• **WORK REQUEST**
Within the listing below, the lines to output run from the one containing "for text Photo" through the one containing "75 and up year"; copy them exactly and nothing else.

• **INFORMATION**
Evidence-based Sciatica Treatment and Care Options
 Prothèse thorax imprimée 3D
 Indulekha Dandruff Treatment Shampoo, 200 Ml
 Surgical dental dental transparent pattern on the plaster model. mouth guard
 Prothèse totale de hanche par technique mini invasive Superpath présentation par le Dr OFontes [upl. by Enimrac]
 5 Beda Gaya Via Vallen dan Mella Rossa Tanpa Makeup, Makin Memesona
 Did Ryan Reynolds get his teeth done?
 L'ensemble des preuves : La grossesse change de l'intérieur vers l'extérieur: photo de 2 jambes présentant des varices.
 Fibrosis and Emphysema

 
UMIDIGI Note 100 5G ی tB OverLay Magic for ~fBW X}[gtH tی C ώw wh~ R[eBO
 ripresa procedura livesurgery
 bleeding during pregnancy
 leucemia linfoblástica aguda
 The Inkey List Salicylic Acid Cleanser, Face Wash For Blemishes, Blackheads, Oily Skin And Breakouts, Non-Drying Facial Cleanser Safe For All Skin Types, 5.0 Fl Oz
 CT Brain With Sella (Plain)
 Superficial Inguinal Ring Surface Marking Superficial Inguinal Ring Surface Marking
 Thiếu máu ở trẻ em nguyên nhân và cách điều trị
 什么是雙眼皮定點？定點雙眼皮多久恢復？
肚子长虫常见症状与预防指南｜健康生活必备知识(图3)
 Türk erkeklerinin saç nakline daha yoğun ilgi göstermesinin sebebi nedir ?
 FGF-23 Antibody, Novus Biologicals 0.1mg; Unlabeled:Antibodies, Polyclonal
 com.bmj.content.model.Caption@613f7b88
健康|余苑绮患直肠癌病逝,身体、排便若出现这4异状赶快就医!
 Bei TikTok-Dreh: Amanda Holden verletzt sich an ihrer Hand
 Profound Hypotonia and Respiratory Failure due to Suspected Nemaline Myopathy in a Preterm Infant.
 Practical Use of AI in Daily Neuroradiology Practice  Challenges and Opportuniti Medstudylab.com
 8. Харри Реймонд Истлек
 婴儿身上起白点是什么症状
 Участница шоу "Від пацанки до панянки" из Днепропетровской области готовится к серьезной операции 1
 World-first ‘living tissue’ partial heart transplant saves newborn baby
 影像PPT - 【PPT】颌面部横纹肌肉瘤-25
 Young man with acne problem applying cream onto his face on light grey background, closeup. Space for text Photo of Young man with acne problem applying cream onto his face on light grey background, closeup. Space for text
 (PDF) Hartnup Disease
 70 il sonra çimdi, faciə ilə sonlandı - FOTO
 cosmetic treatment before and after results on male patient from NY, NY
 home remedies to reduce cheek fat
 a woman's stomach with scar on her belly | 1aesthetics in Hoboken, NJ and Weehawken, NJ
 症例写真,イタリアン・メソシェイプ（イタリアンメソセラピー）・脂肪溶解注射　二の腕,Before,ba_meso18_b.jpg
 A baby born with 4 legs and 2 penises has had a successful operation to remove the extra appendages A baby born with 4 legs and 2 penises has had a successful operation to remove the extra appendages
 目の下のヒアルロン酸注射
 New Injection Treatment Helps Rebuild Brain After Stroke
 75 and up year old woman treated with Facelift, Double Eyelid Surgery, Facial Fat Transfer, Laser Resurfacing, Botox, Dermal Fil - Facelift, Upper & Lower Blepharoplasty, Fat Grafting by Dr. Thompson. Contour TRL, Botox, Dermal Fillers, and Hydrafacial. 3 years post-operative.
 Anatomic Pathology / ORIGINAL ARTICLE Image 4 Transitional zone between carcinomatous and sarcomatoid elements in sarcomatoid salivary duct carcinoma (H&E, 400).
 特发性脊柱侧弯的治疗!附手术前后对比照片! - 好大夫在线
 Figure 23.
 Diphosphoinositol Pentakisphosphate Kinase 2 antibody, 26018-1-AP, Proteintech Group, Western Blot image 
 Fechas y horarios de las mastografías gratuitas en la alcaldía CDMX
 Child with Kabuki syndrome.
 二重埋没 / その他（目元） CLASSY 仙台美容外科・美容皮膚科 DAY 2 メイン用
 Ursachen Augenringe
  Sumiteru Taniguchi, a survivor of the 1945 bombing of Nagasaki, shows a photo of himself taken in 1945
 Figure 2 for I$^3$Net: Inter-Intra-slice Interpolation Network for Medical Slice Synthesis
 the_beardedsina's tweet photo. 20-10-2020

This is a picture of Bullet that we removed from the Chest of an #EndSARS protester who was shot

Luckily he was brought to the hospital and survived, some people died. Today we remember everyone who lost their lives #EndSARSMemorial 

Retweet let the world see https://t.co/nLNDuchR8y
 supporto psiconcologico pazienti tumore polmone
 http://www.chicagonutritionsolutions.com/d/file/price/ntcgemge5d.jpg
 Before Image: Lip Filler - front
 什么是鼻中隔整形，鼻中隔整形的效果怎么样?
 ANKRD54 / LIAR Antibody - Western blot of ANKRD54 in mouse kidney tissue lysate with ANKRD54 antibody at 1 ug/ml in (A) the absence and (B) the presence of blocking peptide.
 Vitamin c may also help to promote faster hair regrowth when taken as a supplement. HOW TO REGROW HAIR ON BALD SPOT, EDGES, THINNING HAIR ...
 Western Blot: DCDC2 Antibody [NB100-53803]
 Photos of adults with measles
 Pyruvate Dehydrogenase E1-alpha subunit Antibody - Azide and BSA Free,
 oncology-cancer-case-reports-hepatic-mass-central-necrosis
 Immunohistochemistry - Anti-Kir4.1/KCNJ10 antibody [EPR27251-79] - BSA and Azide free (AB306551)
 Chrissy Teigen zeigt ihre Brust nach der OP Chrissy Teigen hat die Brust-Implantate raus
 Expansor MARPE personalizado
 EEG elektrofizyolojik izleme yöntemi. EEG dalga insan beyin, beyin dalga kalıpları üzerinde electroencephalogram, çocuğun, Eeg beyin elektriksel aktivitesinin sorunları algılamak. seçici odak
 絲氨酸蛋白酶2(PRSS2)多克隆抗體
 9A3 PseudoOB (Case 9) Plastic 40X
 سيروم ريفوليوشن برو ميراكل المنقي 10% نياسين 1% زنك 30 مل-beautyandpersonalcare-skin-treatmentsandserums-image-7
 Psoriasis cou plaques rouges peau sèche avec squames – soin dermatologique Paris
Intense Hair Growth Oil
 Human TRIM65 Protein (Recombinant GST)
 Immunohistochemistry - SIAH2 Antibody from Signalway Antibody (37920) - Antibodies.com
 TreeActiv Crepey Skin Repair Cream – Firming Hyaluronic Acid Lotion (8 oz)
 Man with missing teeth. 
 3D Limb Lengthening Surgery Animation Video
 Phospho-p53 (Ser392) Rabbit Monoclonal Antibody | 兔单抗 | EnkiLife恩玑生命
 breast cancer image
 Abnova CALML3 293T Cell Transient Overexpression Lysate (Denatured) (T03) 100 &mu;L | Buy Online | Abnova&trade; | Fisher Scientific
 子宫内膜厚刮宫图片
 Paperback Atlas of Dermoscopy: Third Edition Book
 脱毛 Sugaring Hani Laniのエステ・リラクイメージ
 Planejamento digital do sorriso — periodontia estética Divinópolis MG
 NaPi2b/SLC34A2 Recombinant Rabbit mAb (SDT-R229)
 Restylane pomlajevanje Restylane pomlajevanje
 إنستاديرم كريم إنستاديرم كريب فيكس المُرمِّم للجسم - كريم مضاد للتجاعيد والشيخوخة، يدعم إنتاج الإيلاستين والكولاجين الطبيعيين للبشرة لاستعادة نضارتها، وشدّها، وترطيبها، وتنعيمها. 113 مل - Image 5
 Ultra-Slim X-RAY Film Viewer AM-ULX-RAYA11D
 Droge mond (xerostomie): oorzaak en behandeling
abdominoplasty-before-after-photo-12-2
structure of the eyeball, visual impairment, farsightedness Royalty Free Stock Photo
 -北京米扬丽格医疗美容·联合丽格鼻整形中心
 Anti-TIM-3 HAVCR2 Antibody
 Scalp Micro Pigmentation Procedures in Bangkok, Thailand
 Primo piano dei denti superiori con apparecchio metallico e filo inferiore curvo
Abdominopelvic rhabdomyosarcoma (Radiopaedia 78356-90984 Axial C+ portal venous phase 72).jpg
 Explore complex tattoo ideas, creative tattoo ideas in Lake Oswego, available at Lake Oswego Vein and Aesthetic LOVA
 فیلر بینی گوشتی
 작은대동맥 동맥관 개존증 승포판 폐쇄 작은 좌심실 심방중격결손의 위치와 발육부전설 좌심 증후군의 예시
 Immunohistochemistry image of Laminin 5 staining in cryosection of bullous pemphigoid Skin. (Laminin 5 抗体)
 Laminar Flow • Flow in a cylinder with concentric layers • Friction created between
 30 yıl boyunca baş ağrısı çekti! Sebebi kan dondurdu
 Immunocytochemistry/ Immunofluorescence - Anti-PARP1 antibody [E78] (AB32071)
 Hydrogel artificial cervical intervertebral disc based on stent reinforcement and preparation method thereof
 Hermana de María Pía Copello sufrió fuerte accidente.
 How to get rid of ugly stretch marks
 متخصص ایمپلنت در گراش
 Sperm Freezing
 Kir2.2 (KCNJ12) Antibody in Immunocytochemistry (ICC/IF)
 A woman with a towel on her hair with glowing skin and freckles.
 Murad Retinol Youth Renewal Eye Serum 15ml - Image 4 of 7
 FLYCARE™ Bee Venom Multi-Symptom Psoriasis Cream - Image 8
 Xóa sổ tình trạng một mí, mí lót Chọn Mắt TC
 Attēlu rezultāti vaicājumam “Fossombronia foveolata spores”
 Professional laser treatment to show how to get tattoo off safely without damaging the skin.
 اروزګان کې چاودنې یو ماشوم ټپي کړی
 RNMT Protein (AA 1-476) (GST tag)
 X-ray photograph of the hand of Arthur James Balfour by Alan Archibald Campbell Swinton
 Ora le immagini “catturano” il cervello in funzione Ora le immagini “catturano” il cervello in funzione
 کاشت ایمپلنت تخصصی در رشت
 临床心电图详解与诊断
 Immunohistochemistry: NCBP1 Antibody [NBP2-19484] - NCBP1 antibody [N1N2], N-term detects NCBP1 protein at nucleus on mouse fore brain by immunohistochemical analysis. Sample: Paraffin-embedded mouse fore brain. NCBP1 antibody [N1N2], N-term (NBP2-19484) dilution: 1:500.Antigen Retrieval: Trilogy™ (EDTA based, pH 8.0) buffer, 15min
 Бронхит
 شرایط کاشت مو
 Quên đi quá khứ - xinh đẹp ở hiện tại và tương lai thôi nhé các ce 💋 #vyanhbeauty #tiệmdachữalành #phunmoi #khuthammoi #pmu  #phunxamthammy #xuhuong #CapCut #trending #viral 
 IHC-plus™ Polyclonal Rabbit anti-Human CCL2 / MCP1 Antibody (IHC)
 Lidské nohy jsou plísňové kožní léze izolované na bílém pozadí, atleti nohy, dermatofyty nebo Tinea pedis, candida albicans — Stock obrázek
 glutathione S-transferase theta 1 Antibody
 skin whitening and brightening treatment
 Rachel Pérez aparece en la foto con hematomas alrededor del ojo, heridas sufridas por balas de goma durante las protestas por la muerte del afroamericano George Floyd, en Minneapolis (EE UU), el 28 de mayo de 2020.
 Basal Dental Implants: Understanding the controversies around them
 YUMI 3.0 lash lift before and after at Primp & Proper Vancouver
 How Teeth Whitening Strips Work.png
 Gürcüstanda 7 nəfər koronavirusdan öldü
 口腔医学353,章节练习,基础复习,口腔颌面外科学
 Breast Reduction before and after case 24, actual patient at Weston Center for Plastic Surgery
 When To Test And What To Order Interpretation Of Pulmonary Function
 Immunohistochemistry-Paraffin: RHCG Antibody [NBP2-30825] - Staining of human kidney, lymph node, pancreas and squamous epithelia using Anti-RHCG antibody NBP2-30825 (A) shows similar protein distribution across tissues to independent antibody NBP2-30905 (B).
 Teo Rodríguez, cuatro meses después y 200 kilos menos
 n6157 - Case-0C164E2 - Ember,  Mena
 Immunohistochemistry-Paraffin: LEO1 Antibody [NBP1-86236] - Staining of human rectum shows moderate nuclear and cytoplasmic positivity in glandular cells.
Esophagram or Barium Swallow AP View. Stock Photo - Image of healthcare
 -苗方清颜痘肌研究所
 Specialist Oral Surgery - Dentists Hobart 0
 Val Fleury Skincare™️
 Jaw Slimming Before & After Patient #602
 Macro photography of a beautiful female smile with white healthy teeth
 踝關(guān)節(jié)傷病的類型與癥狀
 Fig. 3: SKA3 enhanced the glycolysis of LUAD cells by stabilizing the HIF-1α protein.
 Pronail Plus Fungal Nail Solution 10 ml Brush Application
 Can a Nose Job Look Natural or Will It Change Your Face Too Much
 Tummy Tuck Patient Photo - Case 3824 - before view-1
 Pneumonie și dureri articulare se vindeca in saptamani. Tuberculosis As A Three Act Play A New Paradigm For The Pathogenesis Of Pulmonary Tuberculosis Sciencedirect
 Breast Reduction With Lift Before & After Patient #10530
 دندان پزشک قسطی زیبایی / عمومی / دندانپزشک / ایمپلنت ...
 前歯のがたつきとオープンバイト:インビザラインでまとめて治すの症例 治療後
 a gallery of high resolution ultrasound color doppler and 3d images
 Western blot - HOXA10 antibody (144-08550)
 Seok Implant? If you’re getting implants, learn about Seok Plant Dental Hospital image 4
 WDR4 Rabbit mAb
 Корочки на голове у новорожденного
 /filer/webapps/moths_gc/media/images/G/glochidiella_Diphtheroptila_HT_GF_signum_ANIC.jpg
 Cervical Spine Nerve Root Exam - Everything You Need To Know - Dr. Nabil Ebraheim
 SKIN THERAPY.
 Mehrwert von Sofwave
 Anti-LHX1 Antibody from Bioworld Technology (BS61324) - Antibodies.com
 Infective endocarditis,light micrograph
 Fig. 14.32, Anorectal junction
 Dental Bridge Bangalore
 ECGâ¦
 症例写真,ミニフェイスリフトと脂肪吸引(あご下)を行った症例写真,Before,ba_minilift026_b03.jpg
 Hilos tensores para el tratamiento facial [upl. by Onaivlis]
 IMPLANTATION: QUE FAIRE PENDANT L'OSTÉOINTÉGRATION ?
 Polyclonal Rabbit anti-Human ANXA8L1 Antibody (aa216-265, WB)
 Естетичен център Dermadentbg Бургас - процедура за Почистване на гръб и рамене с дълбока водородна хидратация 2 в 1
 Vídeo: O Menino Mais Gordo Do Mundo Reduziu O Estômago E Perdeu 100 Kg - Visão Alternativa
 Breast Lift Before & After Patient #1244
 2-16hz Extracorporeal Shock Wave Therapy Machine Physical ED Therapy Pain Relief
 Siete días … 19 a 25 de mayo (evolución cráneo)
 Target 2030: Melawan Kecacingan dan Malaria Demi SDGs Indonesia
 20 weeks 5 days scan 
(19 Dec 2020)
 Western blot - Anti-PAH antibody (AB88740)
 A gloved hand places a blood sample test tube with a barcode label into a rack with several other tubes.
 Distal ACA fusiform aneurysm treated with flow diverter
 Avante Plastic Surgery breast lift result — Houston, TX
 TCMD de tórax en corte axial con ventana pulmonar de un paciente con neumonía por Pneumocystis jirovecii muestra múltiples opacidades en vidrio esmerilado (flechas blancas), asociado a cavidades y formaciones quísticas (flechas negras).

• **EXERCISE RESULT**
 Young man with acne problem applying cream onto his face on light grey background, closeup. Space for text Photo of Young man with acne problem applying cream onto his face on light grey background, closeup. Space for text
 (PDF) Hartnup Disease
 70 il sonra çimdi, faciə ilə sonlandı - FOTO
 cosmetic treatment before and after results on male patient from NY, NY
 home remedies to reduce cheek fat
 a woman's stomach with scar on her belly | 1aesthetics in Hoboken, NJ and Weehawken, NJ
 症例写真,イタリアン・メソシェイプ（イタリアンメソセラピー）・脂肪溶解注射　二の腕,Before,ba_meso18_b.jpg
 A baby born with 4 legs and 2 penises has had a successful operation to remove the extra appendages A baby born with 4 legs and 2 penises has had a successful operation to remove the extra appendages
 目の下のヒアルロン酸注射
 New Injection Treatment Helps Rebuild Brain After Stroke
 75 and up year old woman treated with Facelift, Double Eyelid Surgery, Facial Fat Transfer, Laser Resurfacing, Botox, Dermal Fil - Facelift, Upper & Lower Blepharoplasty, Fat Grafting by Dr. Thompson. Contour TRL, Botox, Dermal Fillers, and Hydrafacial. 3 years post-operative.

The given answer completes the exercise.